▶ _TASK ITEM_
Copy out precisely the lines of the material that follows, beginning with the line containing "Набор Fluffy Puff" and ending with its last line; exclude pictures.

▶ _PROVIDED DATA_
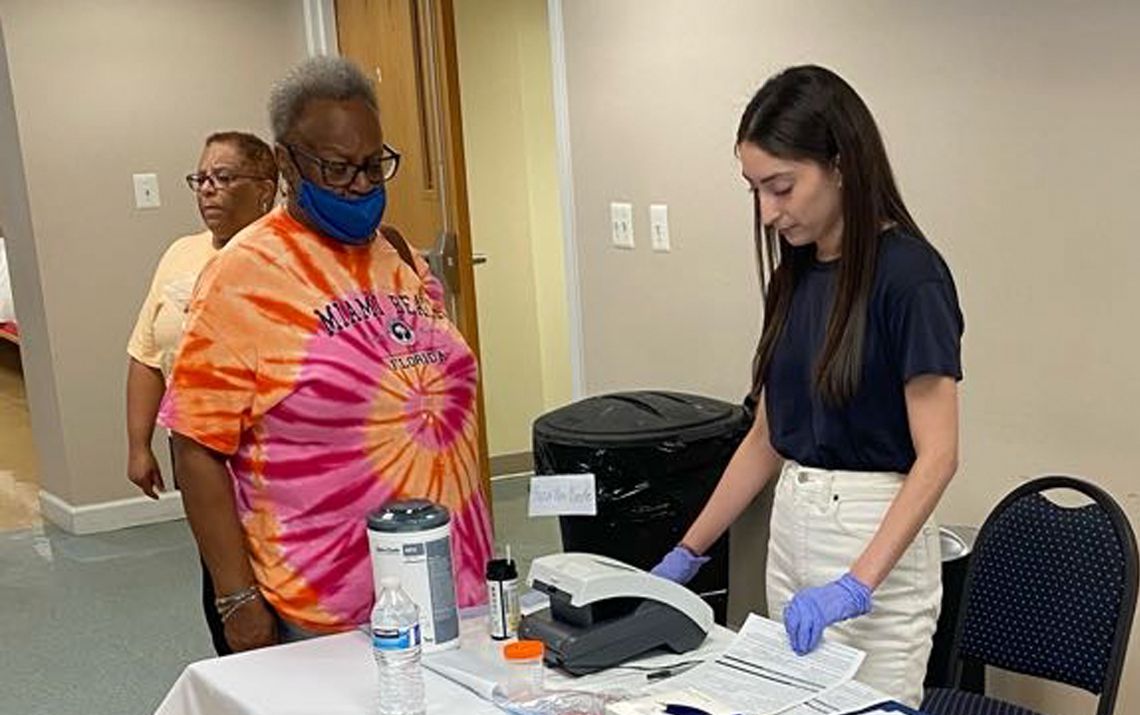 Kidney screening event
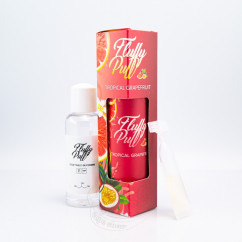 Набор Fluffy Puff Organic Tropical Grapefruit 60ml 0mg Жидкость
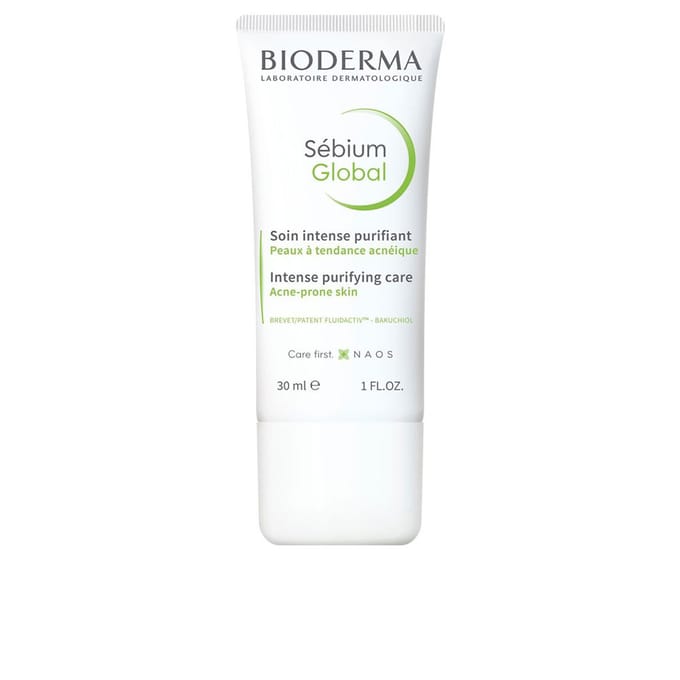 Anti-Acne Serum Bioderma Sébium Global Zuiverende Scrub (30 ml)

▶ _WORKED SOLUTION_
 Набор Fluffy Puff Organic Tropical Grapefruit 60ml 0mg Жидкость
 Anti-Acne Serum Bioderma Sébium Global Zuiverende Scrub (30 ml)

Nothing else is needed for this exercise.